The opinion of the court was delivered by: Chin, District Judge.


On March 13, 1997, the Securities and Exchange Commission (the "SEC") riled suit in this Court against Global Financial Traders ("Global"), BGSG Holding Corporation ("BGSG"), John J. Kenna, Michael R. Reilly, Vincent J. Iovine, and David S. Coleman for securities fraud. Two months later, plaintiff Peter C. Ellison, on behalf of himself and all others similarly situated, filed the instant suit, also alleging securities fraud. Ellison, however, attempts to cast a far wider net than did the SEC. Indeed, Ellison names at least twenty more defendants in this case than were named in the SEC's action.

Ellison seek damages against numerous corporate and individual defendants for allegedly fraudulent conduct in connection with the solicitation, sale, and distribution of the common stock (the "Stock") of American Image Motor Co. Inc. ("American Image"). Although the number of defendants in this case is vastly greater than in the SEC action, the conduct alleged here essentially mirrors the allegations in the SEC case.

The following three groups of defendants move to dismiss the complaint for failure to state a claim upon which relief can be granted pursuant to Fed.R.Civ.P. 12(b)(6) and for failure to plead fraud with particularity pursuant to Fed.R.Civ.P. 9(b): (1) The Law Firm Eversheds and its partners David G.R. Carnegie, Michael J.T. Chamberlayne, and Gordon A. Yablon (the "Eversheds Defendants")*fn1; (2) Northeast Securities, Inc., Vincent J. Iovine, and Brian M. Fogel (the "Northeast Defendants"); and (3) Wilson-Davis & Co. and David S. Coleman (the "Wilson-Davis Defendants").

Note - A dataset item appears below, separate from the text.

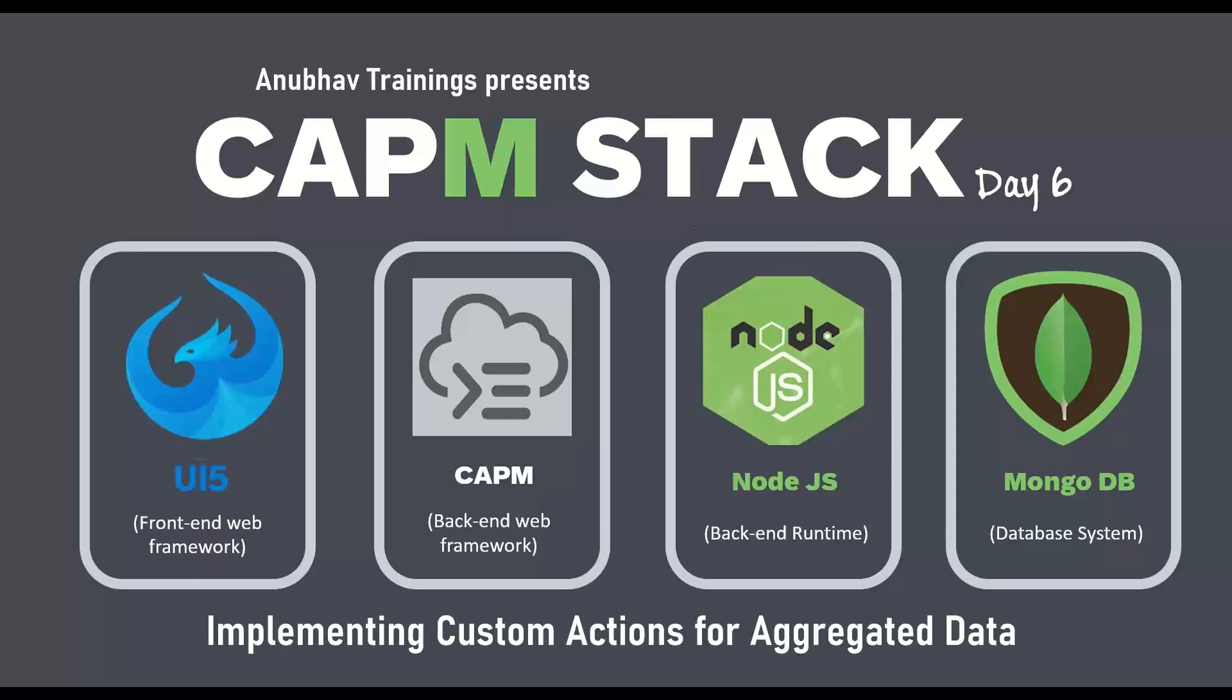Hello and welcome back everyone to the next episode on anubavtrainings.com. In this series of videos, we are discussing cloud application programming model with Mongo database. By far in the series of episodes, we have seen how to create your Mongo database instance for free in cloud, a database as a service, how to set up your CAPM project and perform basic get, get single, and post requests.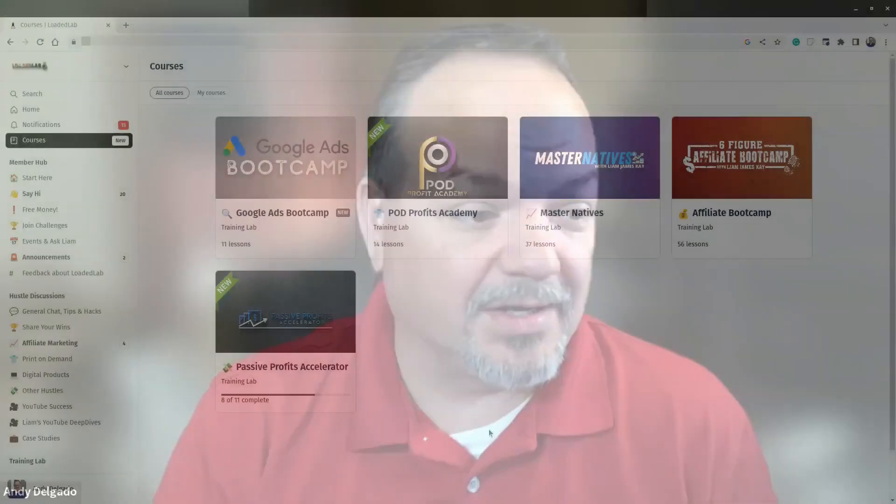Hey, my name is Andy, and I want to show you the best course I've seen on passive earning through affiliate marketing. Let me share my screen real quick and I'm going to show you this. It's amazing.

For the reasons stated herein, the motions to dismiss are granted in part and denied in part.


A. The Facts

This case concerns an alleged scheme to manipulate the market. In addition to the three groups of defendants moving to dismiss, the following three groups have also been named as defendants: (1) Global, BGSG, Kenna, Reilly, and Maria Sonner (the "Global Defendants"); (2) Harris, Ltd., Lybster, Ltd., Toryl, Ltd., and Minimum Effort, Ltd. (the "Liberian Corporations"); and (3) American Image and six of its officers and/or owners (the "American Image Defendants"). Ellison has also named "John Does 1-25," repreresenting additional "unknown" parties "who are believed to have acted in concert with the defendants." (Cmplt. ¶ 34; see also id. ¶¶ 5-19, 25, 27-34).

1. The Parties

a. Plaintiff and Others Similarly Situated

Ellison, a subscrier of the Newsletters, purchased Stock on October 13, 1996 at $5.625 per share and on November 18, 1996 at $5.75 per share. (Id. ¶ 14 and Schedule A). The individuals similarly situated to Ellison ("Class Members") are alleged to have purchased American Image Stock during the period September 23, 1996 to March 13, 1997 (the "Class Period"). Class Members are also subscribers to the Newsletters, who relied to their detriment on alleged misrepresentations about American Image and its Stock.

b. American Image

American Image is a privately-held California company that was formed on August 20, 1996 for the purpose of acquiring Cycle Imagery, a California company that builds high quality, hand-crafted motorcycles. (Id. ¶¶ 27, 61). American Image "went public" on September 26, 1996 through a reverse merger with a shell company called Wall Street Information Services Holding, Inc. ("WSI"). WSI's name was changed to American Image Motor Company in conjunction with the merger. (Id. ¶ 61).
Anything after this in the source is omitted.